● Exercise prompt:
In the entries below, find the line with "Osprey Commercial Power Cage" and print exactly every line from there up to and including the line with "Land Rover Range", with no other lines.

Recorded data:
◇ ◇ ◇ ◇ ◇ ◇ ◇

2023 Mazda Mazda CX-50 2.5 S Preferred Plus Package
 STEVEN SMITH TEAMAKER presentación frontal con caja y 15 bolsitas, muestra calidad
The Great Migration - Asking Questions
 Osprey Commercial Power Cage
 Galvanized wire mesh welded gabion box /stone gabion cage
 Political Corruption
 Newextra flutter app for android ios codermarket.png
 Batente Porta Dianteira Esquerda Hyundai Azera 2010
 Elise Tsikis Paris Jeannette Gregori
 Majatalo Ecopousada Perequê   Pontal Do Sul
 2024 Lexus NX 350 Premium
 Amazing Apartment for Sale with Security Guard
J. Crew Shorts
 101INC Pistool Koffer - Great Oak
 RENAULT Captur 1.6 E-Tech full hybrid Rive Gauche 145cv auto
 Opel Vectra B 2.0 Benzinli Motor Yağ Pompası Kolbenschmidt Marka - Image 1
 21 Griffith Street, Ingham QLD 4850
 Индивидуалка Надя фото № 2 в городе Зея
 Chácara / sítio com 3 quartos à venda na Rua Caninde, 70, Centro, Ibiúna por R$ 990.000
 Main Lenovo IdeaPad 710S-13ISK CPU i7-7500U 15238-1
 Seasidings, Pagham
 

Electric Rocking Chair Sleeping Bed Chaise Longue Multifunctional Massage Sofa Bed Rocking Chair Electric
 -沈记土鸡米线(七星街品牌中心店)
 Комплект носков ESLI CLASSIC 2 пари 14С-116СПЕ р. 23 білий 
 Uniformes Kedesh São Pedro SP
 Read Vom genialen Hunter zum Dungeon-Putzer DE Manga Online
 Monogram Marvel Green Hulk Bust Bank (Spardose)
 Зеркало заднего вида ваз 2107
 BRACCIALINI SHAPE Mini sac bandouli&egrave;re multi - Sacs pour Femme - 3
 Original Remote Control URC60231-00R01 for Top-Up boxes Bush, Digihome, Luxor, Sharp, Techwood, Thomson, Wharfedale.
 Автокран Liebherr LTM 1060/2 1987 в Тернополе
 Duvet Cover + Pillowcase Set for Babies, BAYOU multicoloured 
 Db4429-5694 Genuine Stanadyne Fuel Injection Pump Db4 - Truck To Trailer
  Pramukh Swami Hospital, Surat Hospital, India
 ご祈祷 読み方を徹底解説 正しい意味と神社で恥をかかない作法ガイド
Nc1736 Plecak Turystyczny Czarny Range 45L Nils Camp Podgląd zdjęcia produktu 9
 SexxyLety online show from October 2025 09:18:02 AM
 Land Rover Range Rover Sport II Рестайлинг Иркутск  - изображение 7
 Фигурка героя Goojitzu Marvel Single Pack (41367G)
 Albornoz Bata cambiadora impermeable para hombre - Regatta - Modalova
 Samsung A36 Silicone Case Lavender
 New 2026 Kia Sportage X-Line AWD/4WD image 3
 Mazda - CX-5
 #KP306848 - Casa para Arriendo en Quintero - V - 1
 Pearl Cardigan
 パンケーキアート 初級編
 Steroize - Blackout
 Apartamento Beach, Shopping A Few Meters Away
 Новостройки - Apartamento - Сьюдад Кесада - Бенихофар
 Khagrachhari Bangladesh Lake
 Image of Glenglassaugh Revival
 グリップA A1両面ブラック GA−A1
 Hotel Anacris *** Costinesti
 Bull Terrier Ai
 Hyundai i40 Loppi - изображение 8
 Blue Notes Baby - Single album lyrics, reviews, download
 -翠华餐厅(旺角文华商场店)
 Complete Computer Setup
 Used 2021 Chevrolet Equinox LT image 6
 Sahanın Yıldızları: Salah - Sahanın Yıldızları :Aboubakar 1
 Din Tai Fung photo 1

◇ ◇ ◇ ◇ ◇ ◇ ◇

● Output:
 Osprey Commercial Power Cage
 Galvanized wire mesh welded gabion box /stone gabion cage
 Political Corruption
 Newextra flutter app for android ios codermarket.png
 Batente Porta Dianteira Esquerda Hyundai Azera 2010
 Elise Tsikis Paris Jeannette Gregori
 Majatalo Ecopousada Perequê   Pontal Do Sul
 2024 Lexus NX 350 Premium
 Amazing Apartment for Sale with Security Guard
J. Crew Shorts
 101INC Pistool Koffer - Great Oak
 RENAULT Captur 1.6 E-Tech full hybrid Rive Gauche 145cv auto
 Opel Vectra B 2.0 Benzinli Motor Yağ Pompası Kolbenschmidt Marka - Image 1
 21 Griffith Street, Ingham QLD 4850
 Индивидуалка Надя фото № 2 в городе Зея
 Chácara / sítio com 3 quartos à venda na Rua Caninde, 70, Centro, Ibiúna por R$ 990.000
 Main Lenovo IdeaPad 710S-13ISK CPU i7-7500U 15238-1
 Seasidings, Pagham
 

Electric Rocking Chair Sleeping Bed Chaise Longue Multifunctional Massage Sofa Bed Rocking Chair Electric
 -沈记土鸡米线(七星街品牌中心店)
 Комплект носков ESLI CLASSIC 2 пари 14С-116СПЕ р. 23 білий 
 Uniformes Kedesh São Pedro SP
 Read Vom genialen Hunter zum Dungeon-Putzer DE Manga Online
 Monogram Marvel Green Hulk Bust Bank (Spardose)
 Зеркало заднего вида ваз 2107
 BRACCIALINI SHAPE Mini sac bandouli&egrave;re multi - Sacs pour Femme - 3
 Original Remote Control URC60231-00R01 for Top-Up boxes Bush, Digihome, Luxor, Sharp, Techwood, Thomson, Wharfedale.
 Автокран Liebherr LTM 1060/2 1987 в Тернополе
 Duvet Cover + Pillowcase Set for Babies, BAYOU multicoloured 
 Db4429-5694 Genuine Stanadyne Fuel Injection Pump Db4 - Truck To Trailer
  Pramukh Swami Hospital, Surat Hospital, India
 ご祈祷 読み方を徹底解説 正しい意味と神社で恥をかかない作法ガイド
Nc1736 Plecak Turystyczny Czarny Range 45L Nils Camp Podgląd zdjęcia produktu 9
 SexxyLety online show from October 2025 09:18:02 AM
 Land Rover Range Rover Sport II Рестайлинг Иркутск  - изображение 7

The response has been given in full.